Was anyone else aware that Albert was going to have surgery?
I know I sure wasn't, and then all of a sudden, there it is in print. "Hey, everybody, guess what? Yeah, our franchise player decided to go ahead and get opened up. When? Oh, I don't know. Like a week ago."
How the Cardinals managed to keep this one quiet is beyond me. Every time I think I've got them pegged, some weird little thing like this happens, that throws it all into chaos. If they could somehow keep it from becoming public knowledge that Pujols was going under the knife, how much other stuff goes on behind closed doors that never sees the light of day? And here I thought we had all the information.
I'm being a bit facetious, of course, but it really is odd that we heard virtually nothing about this until it was already over. Remember back in spring training, when we were all getting daily updates on what Albert was thinking regarding his elbow pretty much every single morning, whether anything had actually happened or not. And yet, when the time actually came to get something done about the troublesome joint, nary a peep.

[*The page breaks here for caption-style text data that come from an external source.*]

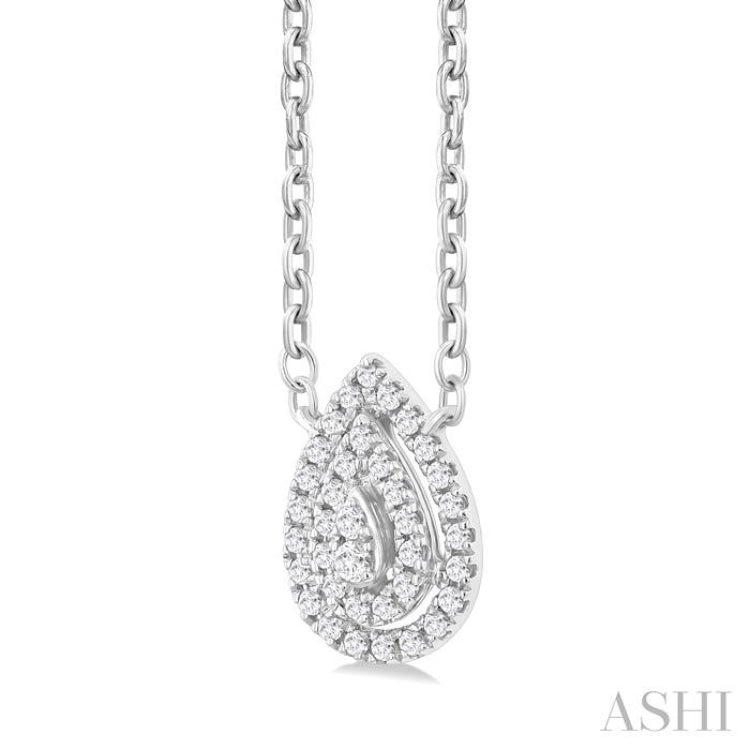 1/6 ctw Double Halo Pear Shape Petite  Round Cut Diamond Fashion Pendant With Chain in 10K White Gold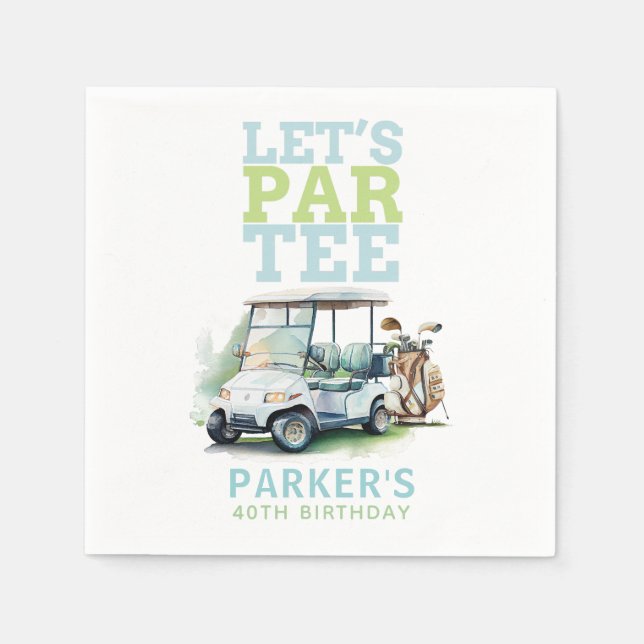 Adult Birthday Partee Golf Personalised Napkin (Front)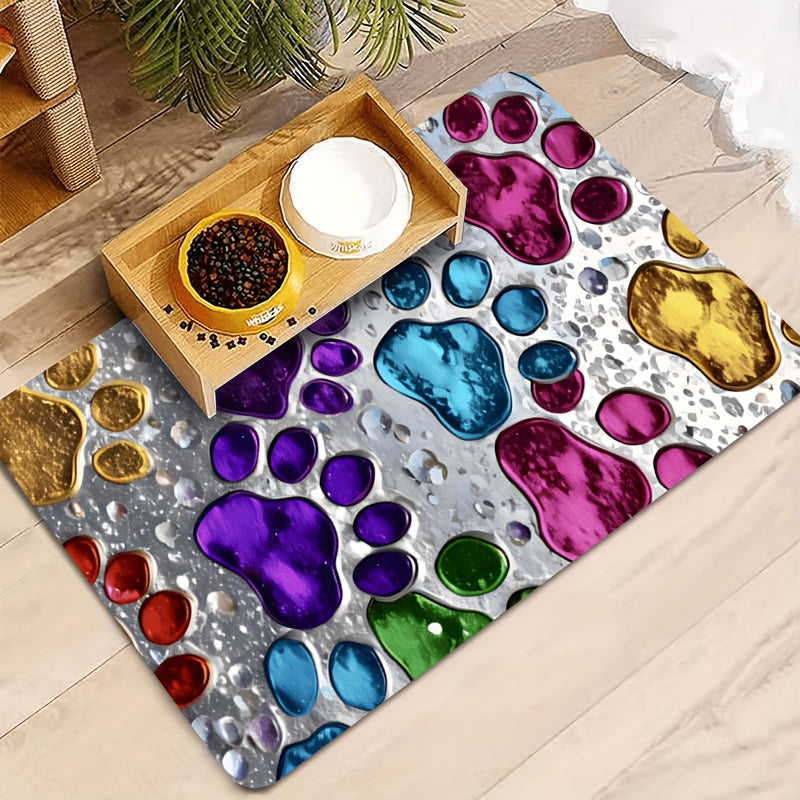 Pet Feeding Mat Absorbent Splash-Proof Non-Slip – Quick-Dry Heavy-Duty Floor Protector for Dogs & Cats, Colorful Paw Pattern, S/M/L/XL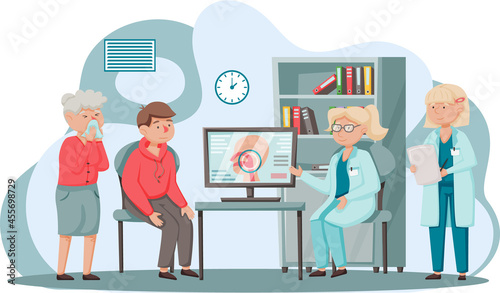 Otolaryngologist doctor with nose, ear and throat or ENT diagnostic and treatment instruments. Otology doctor with patient. Otorhinolaryngology healthcare medicine or otolaryngology diseases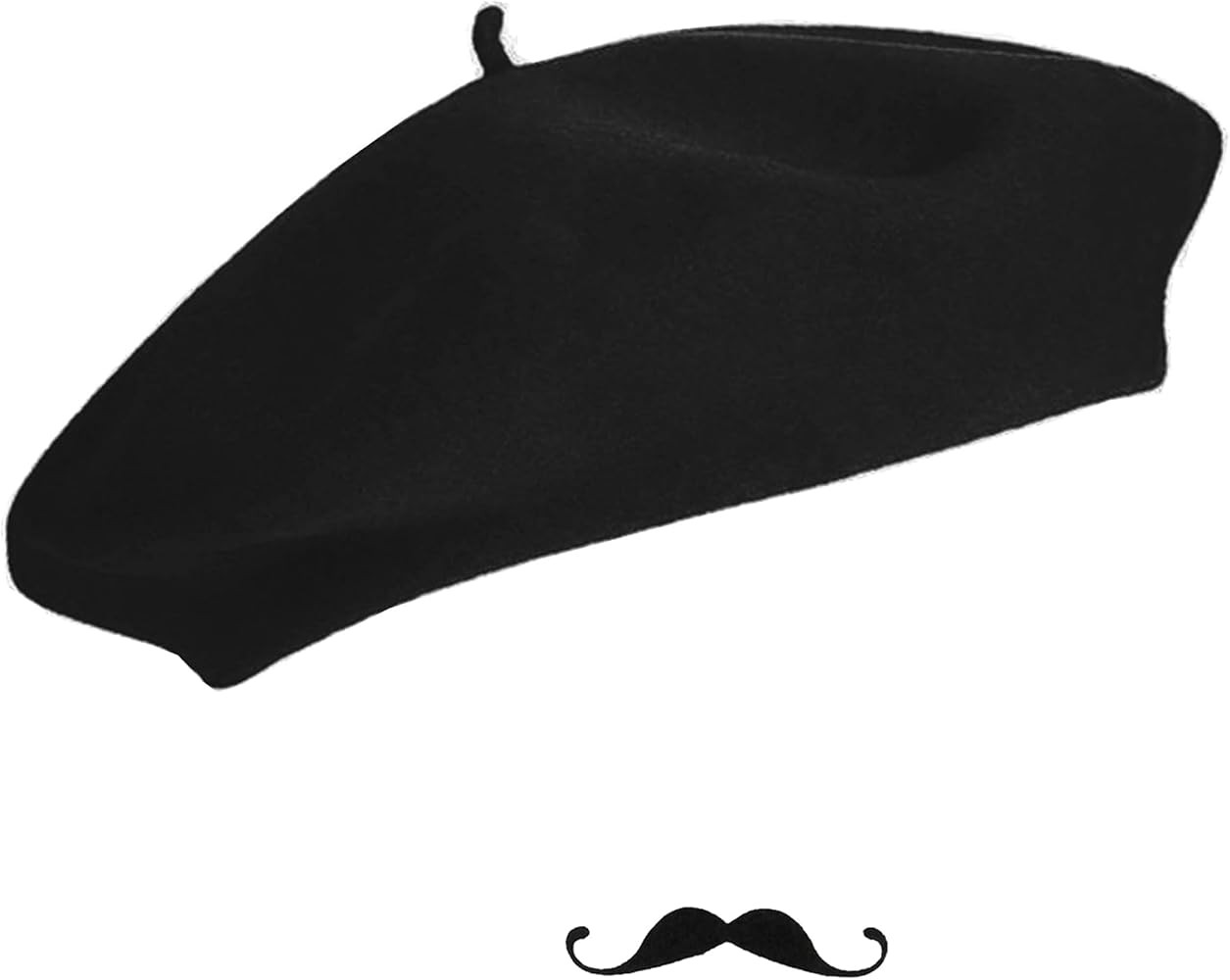 Frenchman Beret Women Men, Mustache Halloween Mime Costume Accessory Beanie Caps Classic Wool Win... | Amazon (US)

Then again, maybe it's all better this way. It was certainly messy back in the spring, as everyone from local columnists (myself most definitely included), to major analysts on the national sports networks were buzzing around, trying to figure out just how long before that elbow just had to be worked on, and just what the consequences would be if Albert did elect to get the surgery. (Not to mention, of course, what the chances were of his elbow just popping the next time he pivoted to make that throw down to second base to start a double play.) Time tables were even bandied about; if he has it be August, he should be ready to go by the World Baseball Classic, if he has it after the season, he'll just be coming back in spring training, and so on. I can't really blame the Cards, or Albert himself, for wanting to avoid that morass again.

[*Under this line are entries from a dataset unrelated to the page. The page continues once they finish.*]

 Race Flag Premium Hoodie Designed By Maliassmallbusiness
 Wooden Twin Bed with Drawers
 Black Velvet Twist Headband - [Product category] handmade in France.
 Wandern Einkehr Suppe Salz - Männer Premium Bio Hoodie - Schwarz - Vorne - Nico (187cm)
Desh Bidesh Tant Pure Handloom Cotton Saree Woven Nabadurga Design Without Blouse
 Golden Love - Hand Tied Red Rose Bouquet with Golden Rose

Regardless of how or why it was kept quiet, the fact remains the same. Albert had nerve transposition surgery on his right elbow; the same surgery that many Tommy John patients end up having after their TJ. It's not a terribly long recovery time, by any means, so I see no reason why Pujols shouldn't be able to participate fully in spring training, as well as playing in the WBC.
To tell you the truth, I'm pretty excited to see what this could possibly do for Albert next season. We all know how incredible his training regimen is; the man has been featured in fitness magazines, for god's sake. And as impressive as it is to see the man work the way only he can, you also have to wonder if the sheer amount of weight training and stress he places on that elbow of his in the off-season is part of the reason why it has always refused to really do much healing. Now, with being forced to rest the joint due to the surgical down time, I wonder if the elbow itself might not benefit, not just from the procedure itself but also structurally, due to simple rest? If we're lucky, not only will Albert feel much better this coming season, but his elbow itself may actually be a bit better. Honestly, can you imagine what the man could do with two completely healthy arms?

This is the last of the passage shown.